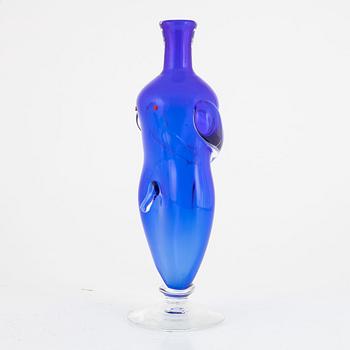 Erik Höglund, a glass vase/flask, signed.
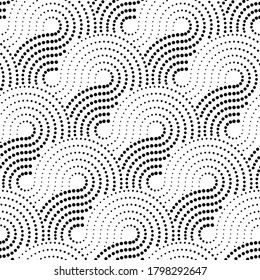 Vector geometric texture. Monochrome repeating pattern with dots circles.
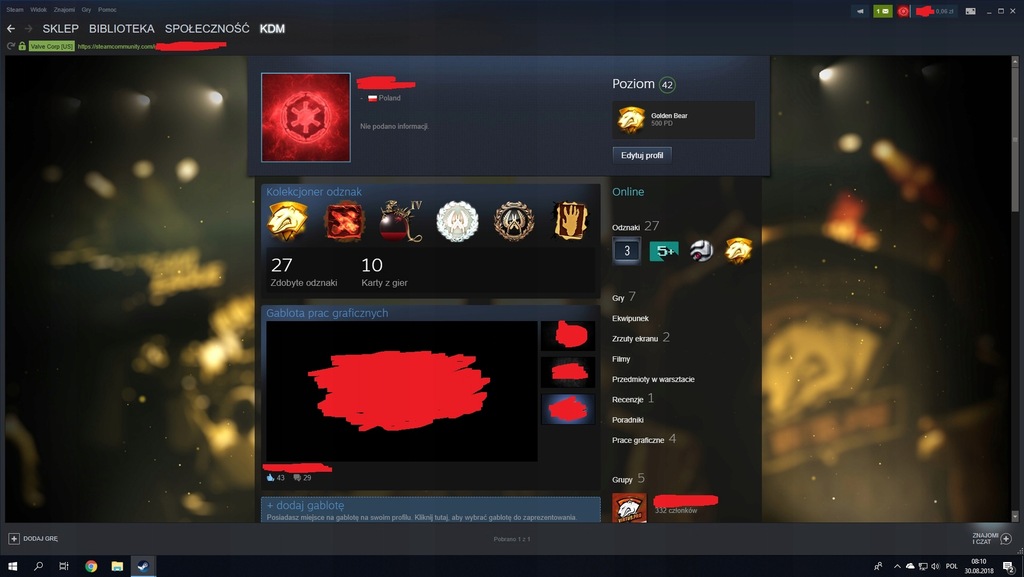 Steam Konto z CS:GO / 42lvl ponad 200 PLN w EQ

* * *

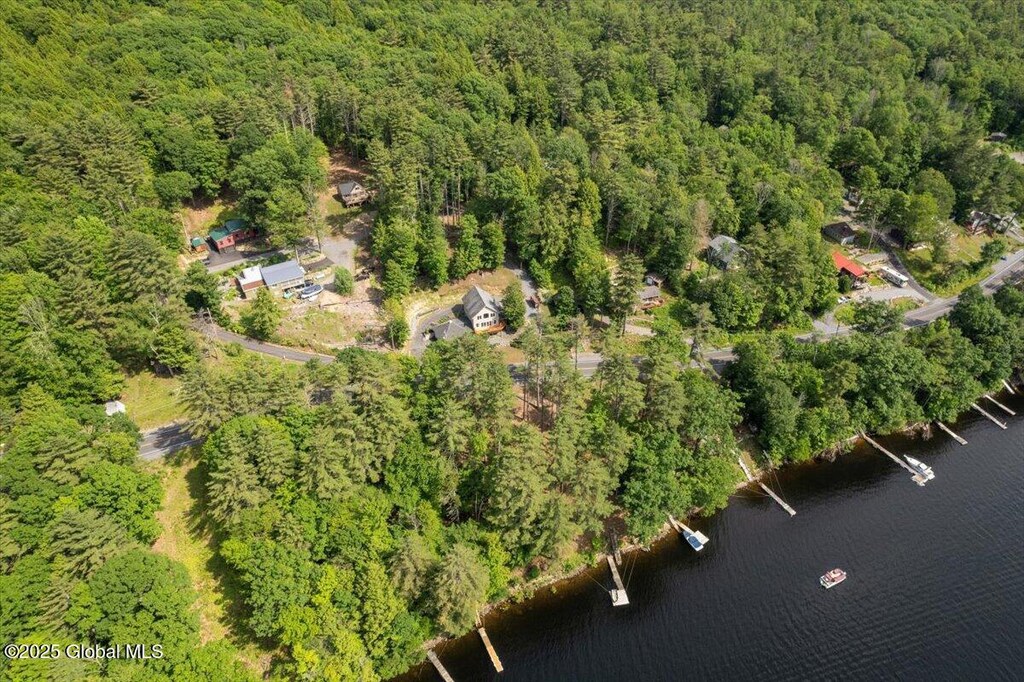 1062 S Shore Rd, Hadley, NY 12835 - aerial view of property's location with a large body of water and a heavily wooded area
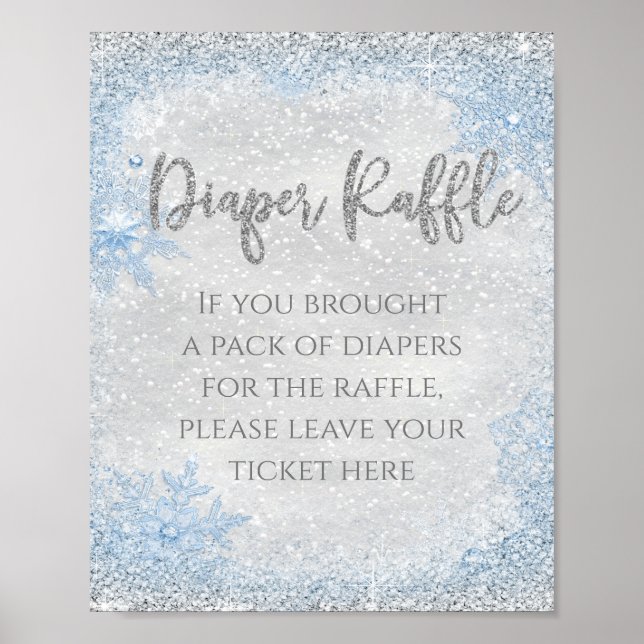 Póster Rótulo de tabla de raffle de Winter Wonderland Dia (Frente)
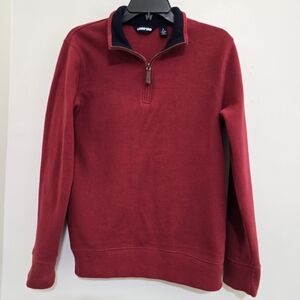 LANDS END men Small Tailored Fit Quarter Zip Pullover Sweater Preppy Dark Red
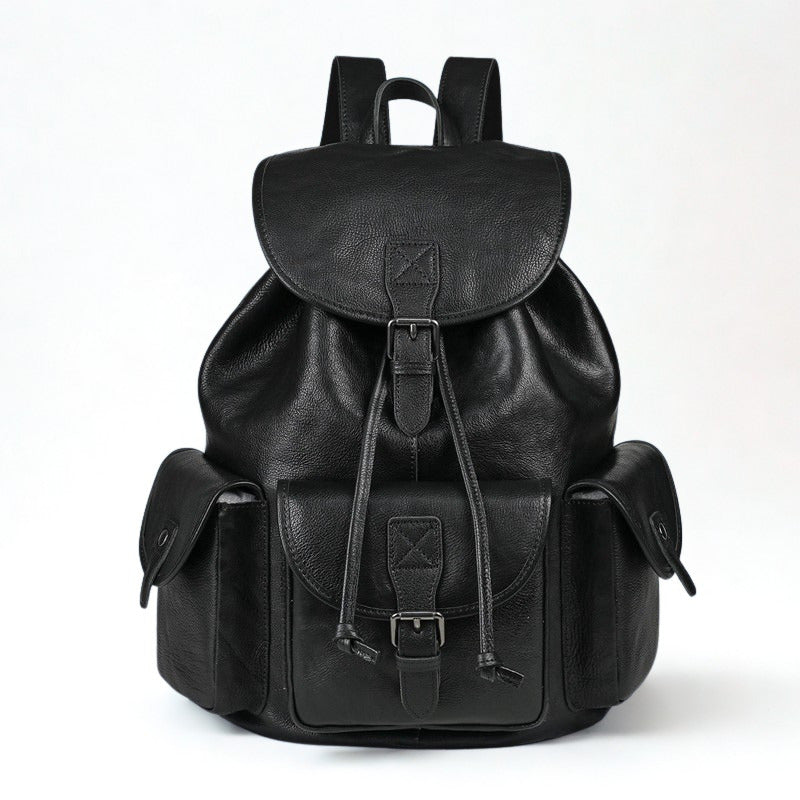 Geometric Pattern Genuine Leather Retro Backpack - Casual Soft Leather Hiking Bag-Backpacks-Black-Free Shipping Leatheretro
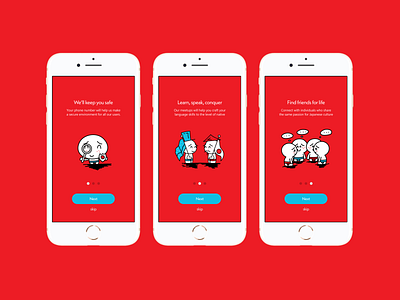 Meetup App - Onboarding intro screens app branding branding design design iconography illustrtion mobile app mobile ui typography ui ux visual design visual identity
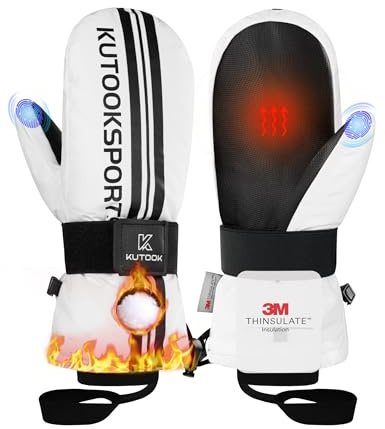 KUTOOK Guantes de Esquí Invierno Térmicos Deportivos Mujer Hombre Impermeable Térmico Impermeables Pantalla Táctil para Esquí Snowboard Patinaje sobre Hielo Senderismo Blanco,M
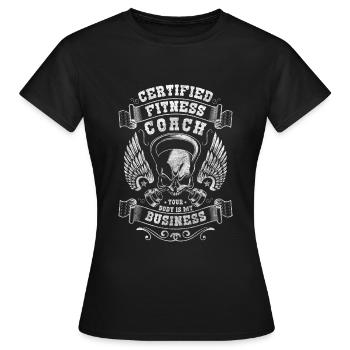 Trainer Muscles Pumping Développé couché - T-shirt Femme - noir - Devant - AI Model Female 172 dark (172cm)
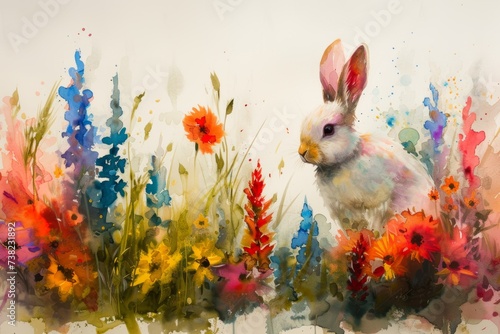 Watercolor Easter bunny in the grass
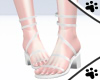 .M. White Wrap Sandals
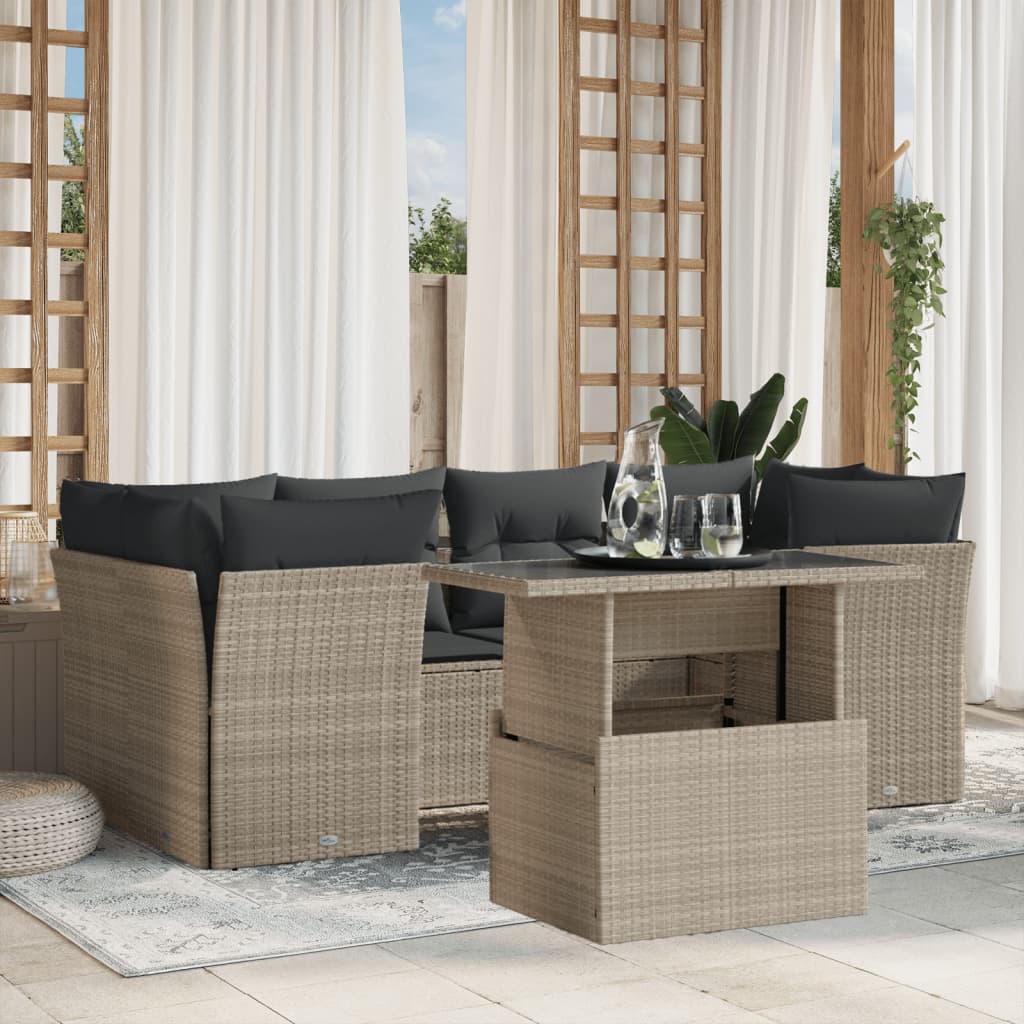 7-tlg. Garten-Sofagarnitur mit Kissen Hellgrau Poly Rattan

■ Exercise details:
With the pictures omitted, print the lines above exactly, beginning at the line with "LANDS END men" and going on through the line with "7-tlg. Garten-Sofagarnitur mit".

■ Solution to this problem:
 LANDS END men Small Tailored Fit Quarter Zip Pullover Sweater Preppy Dark Red
 Geometric Pattern Genuine Leather Retro Backpack - Casual Soft Leather Hiking Bag-Backpacks-Black-Free Shipping Leatheretro
 Meetup App - Onboarding intro screens app branding branding design design iconography illustrtion mobile app mobile ui typography ui ux visual design visual identity
 KUTOOK Guantes de Esquí Invierno Térmicos Deportivos Mujer Hombre Impermeable Térmico Impermeables Pantalla Táctil para Esquí Snowboard Patinaje sobre Hielo Senderismo Blanco,M
 Trainer Muscles Pumping Développé couché - T-shirt Femme - noir - Devant - AI Model Female 172 dark (172cm)
 Watercolor Easter bunny in the grass
 .M. White Wrap Sandals
 7-tlg. Garten-Sofagarnitur mit Kissen Hellgrau Poly Rattan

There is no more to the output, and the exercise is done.